The Hague has played host to a series of hearings of the People’s Tribunal on the Murder of Journalists. And in September 2022 came out with a judgment that held the governments of Syria, Sri Lanka and Mexico responsible for failing to provide accountability for the killings of journalists in their countries. Despite her cold, Almudena Bernabeu, the prosecutor, took time to catch up with us.
With a long history in the field of international criminal law, Almudena is the Co-founder of The Guernica 37 Group and Joint Head of Guernica 37 Chambers. She explained what motivated the press freedom pressure groups Free Press Unlimited, the Committee to Protect Journalists and Reporters without Borders to organise the tribunal, and why it only took her 24 hours to agree to join.

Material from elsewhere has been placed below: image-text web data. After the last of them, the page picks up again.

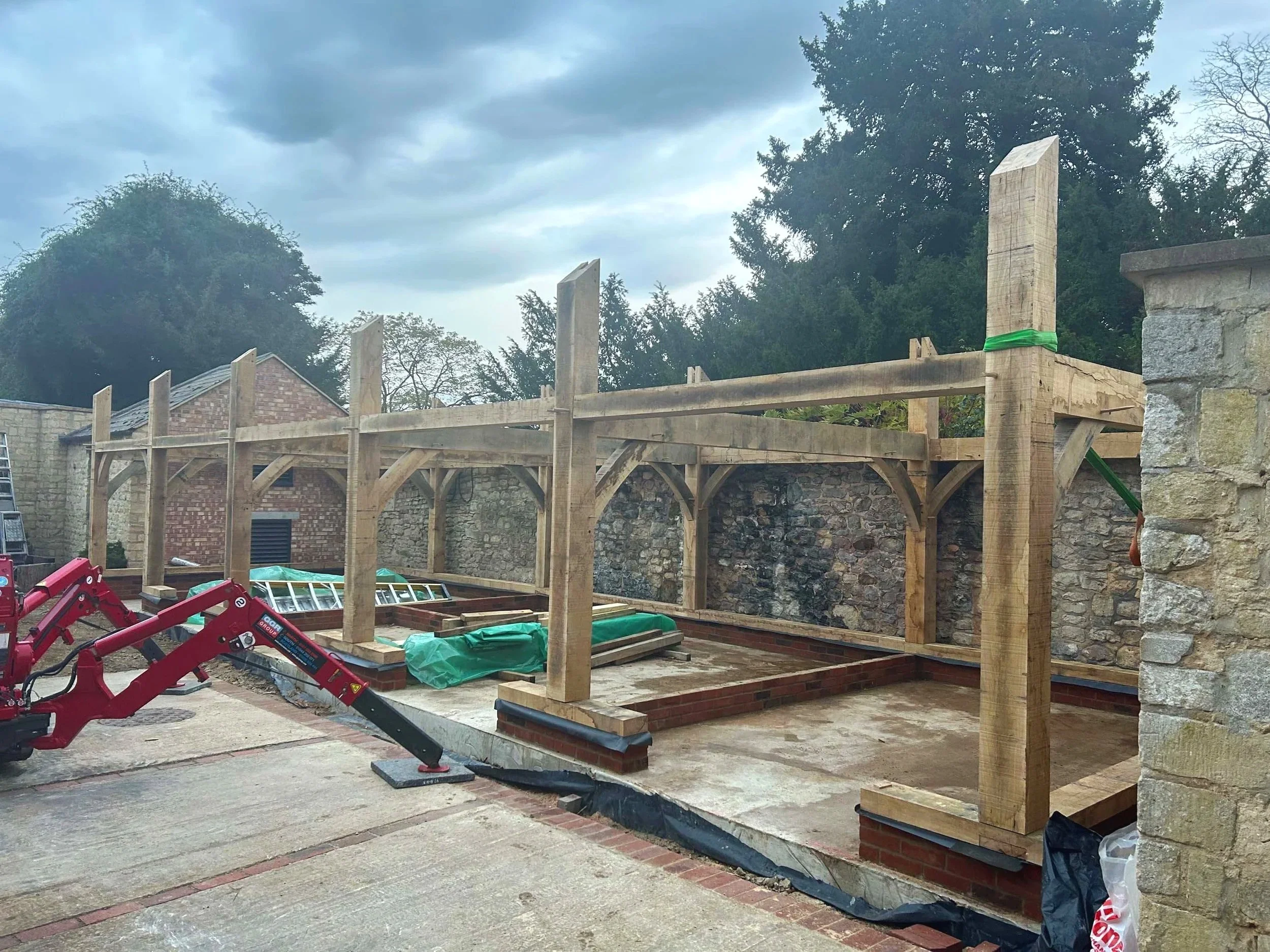 An image of a 5 bay oak barn in Waterperry Gardens.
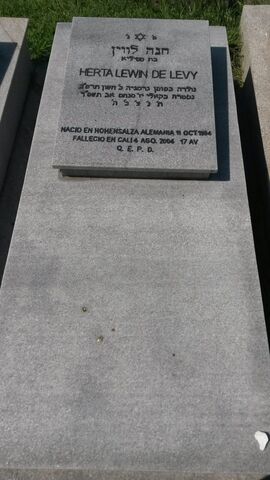 Lápida de Herta Lewin de Levy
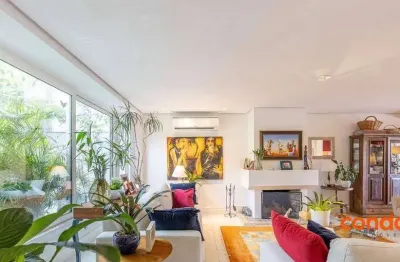 Casa com 4 dormitórios para alugar, 324 m² por r$ 24.600,00/mês - três figueiras - porto alegre/rs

Almudena describes the endemic and transnational killings of journalists, who have shifted from being casualties in war zones to being targets of governments, regimes, and corrupted officials. She also highlights the patterns she found in the killings she prosecuted. Almudena is quite positive when we ask her what a People’s Tribunal – where NGOs take the lead, and perpetrators are not necessarily in the docks – can achieve in terms of accountability. According to her in this kind of trial, the process is “more important than the results”. The People’s Tribunal can be a first step in addressing the widespread impunity in the cases.
Almudena says she “got stuck in the 1980s” and recommends The Smiths as a background for writing pleadings and Jazz, especially Ella Fitzgerald, for reading documents. Almudena has also been binge-watching the series News Of A Kidnapping, based on the book of Gabrial Garcia Marquez, and raising the question of the role journalists play in our society.